### Data extracts
- Opening Delimiter -

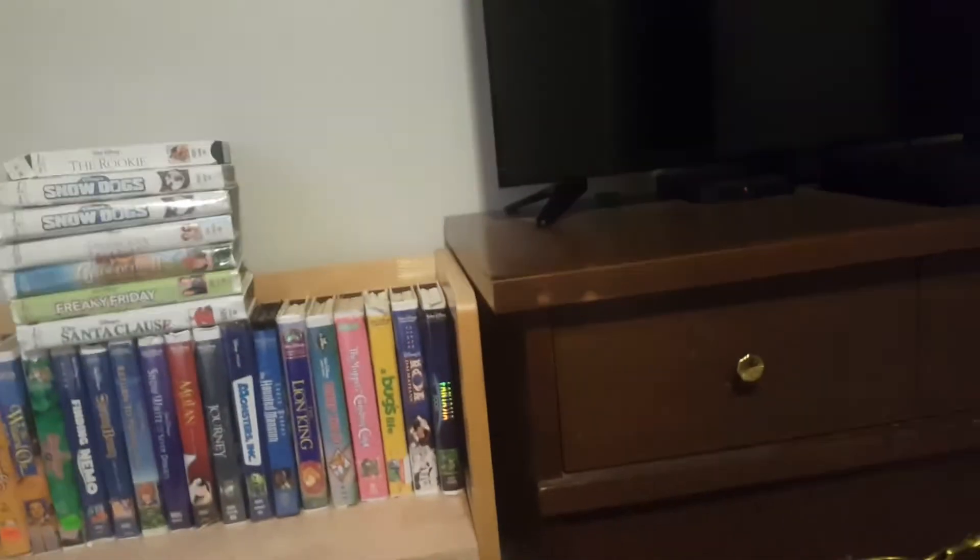Here's my huge Walt Disney's Masterpiece Collection. Let's get started. Starting with the 1995 VHS of The Lion King.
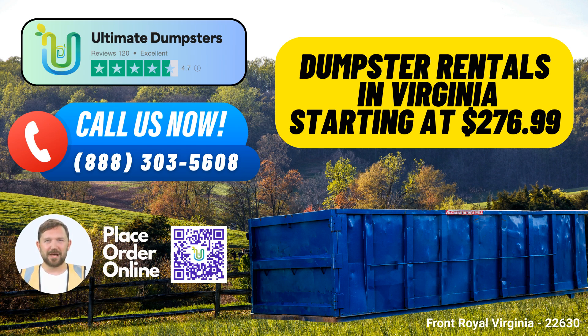Don't forget, our current platform is offering an exclusive 25% off dumpster rental orders when you place your order online. Make your next project in Front Royal, Virginia, hassle-free with Ultimate Dumpsters.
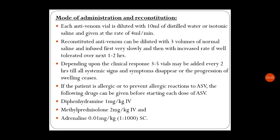Reconstituted anti-venom can be diluted with three volumes of normal saline and infused first very slowly, then with increased rate if well tolerated over the next one to two hours. Depending upon the clinical response, three to five vials may be added every two hours until all systemic signs and symptoms disappear or the progression of swelling ceases.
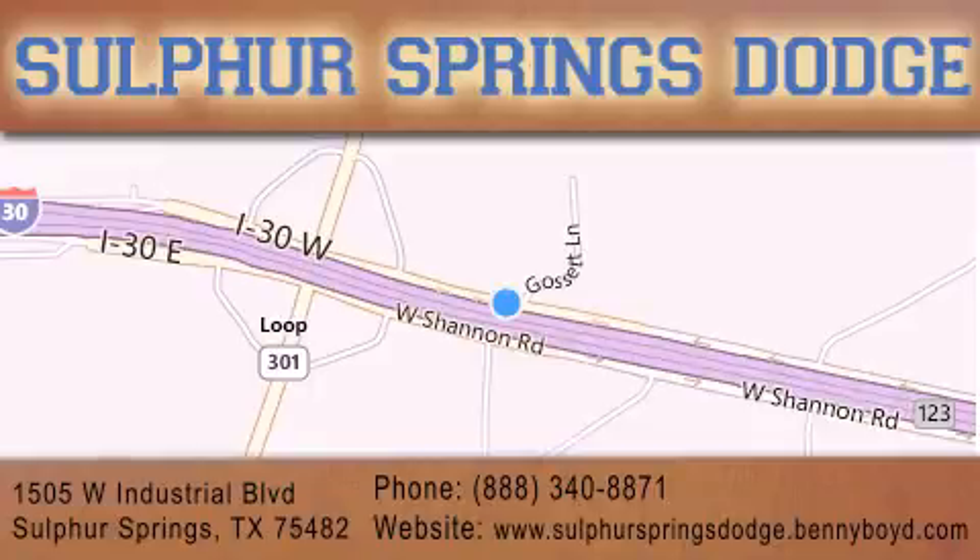We are conveniently located at 1505 West Industrial Drive in Sulphur Springs. Our goal is to exceed all of your expectations to ensure that you'll return for future service. You're going to love us!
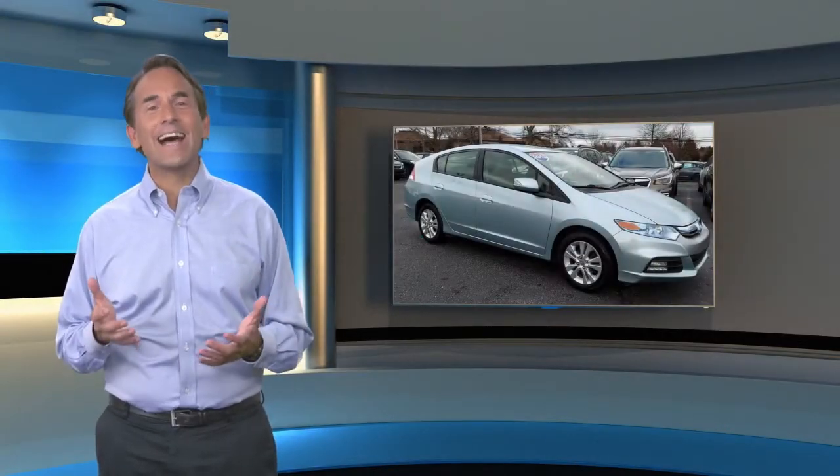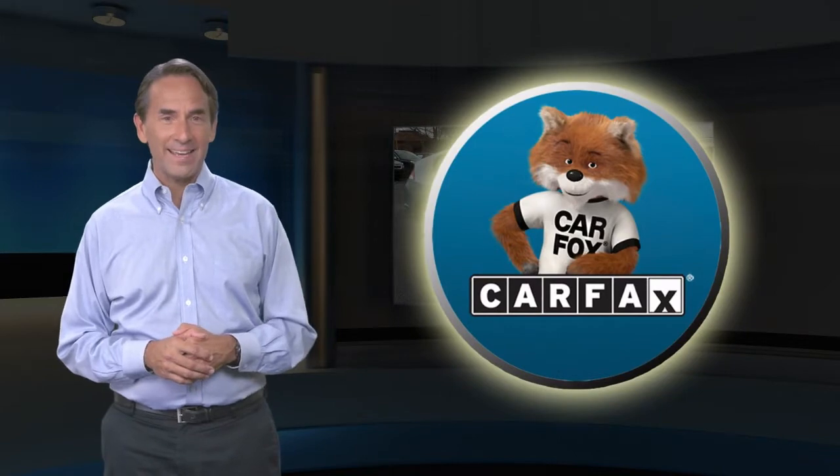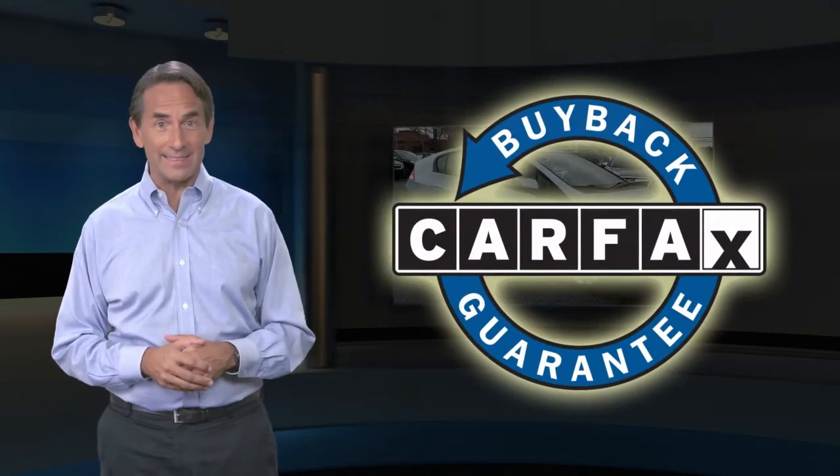Feel confident in this high-quality vehicle with a Carfax Vehicle History Report. Find this complimentary Carfax Vehicle History Report online or contact the dealership. This vehicle qualifies for the Carfax Buy-Back Guarantee.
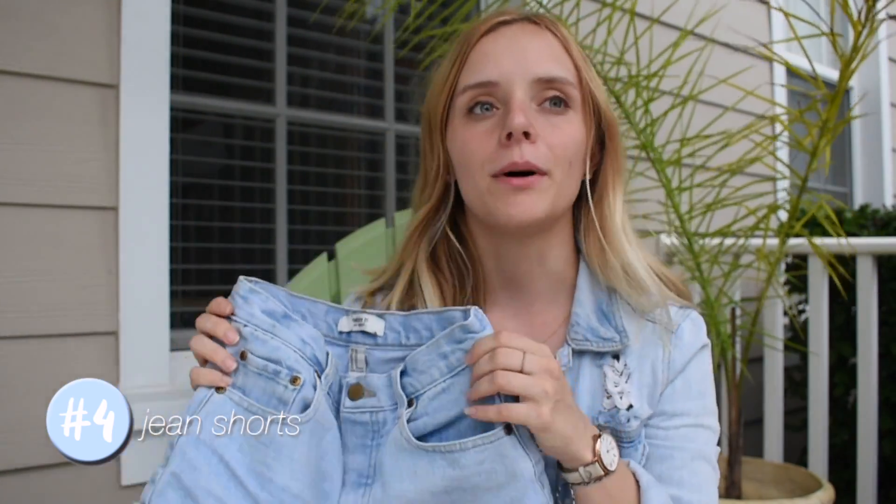I think everyone knows that a summer staple item is a pair of jean shorts. I really love the mom style jean shorts because you can wear them with a crop thing and not be super exposed. These are from Forever 21, they're like a light wash. Definitely get yourself a pair of jean shorts — they can match with like any sort of tops. I love them, I think you'd love them, so go get yourself a pair.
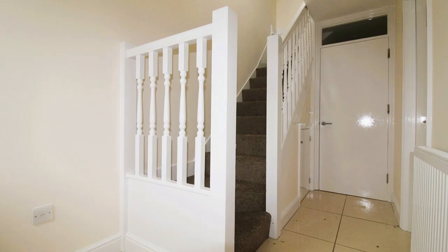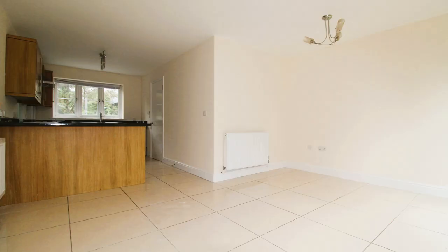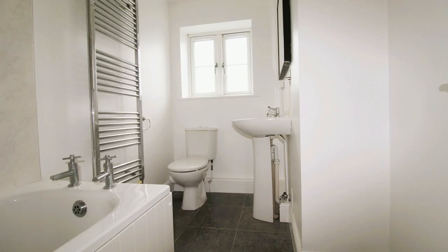You've got an entrance hall with a downstairs WC, and a lovely open plan kitchen and living room. Upstairs you've got a family bathroom and the two double bedrooms.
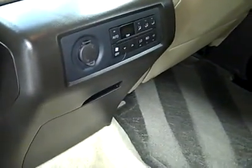Rear climate controls. Fold this seat down to reveal the third row, which is also in great shape. Interior looks fantastic — I'm not seeing any real signs of wear anywhere. It looks pretty much new.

- Closing Delimiter -

### What to work on
The full set of entries should be transcribed exactly, pictures left aside.

### Response to this exercise
Here's my huge Walt Disney's Masterpiece Collection. Let's get started. Starting with the 1995 VHS of The Lion King.
Don't forget, our current platform is offering an exclusive 25% off dumpster rental orders when you place your order online. Make your next project in Front Royal, Virginia, hassle-free with Ultimate Dumpsters.
Reconstituted anti-venom can be diluted with three volumes of normal saline and infused first very slowly, then with increased rate if well tolerated over the next one to two hours. Depending upon the clinical response, three to five vials may be added every two hours until all systemic signs and symptoms disappear or the progression of swelling ceases.
We are conveniently located at 1505 West Industrial Drive in Sulphur Springs. Our goal is to exceed all of your expectations to ensure that you'll return for future service. You're going to love us!
Feel confident in this high-quality vehicle with a Carfax Vehicle History Report. Find this complimentary Carfax Vehicle History Report online or contact the dealership. This vehicle qualifies for the Carfax Buy-Back Guarantee.
I think everyone knows that a summer staple item is a pair of jean shorts. I really love the mom style jean shorts because you can wear them with a crop thing and not be super exposed. These are from Forever 21, they're like a light wash. Definitely get yourself a pair of jean shorts — they can match with like any sort of tops. I love them, I think you'd love them, so go get yourself a pair.
You've got an entrance hall with a downstairs WC, and a lovely open plan kitchen and living room. Upstairs you've got a family bathroom and the two double bedrooms.
Rear climate controls. Fold this seat down to reveal the third row, which is also in great shape. Interior looks fantastic — I'm not seeing any real signs of wear anywhere. It looks pretty much new.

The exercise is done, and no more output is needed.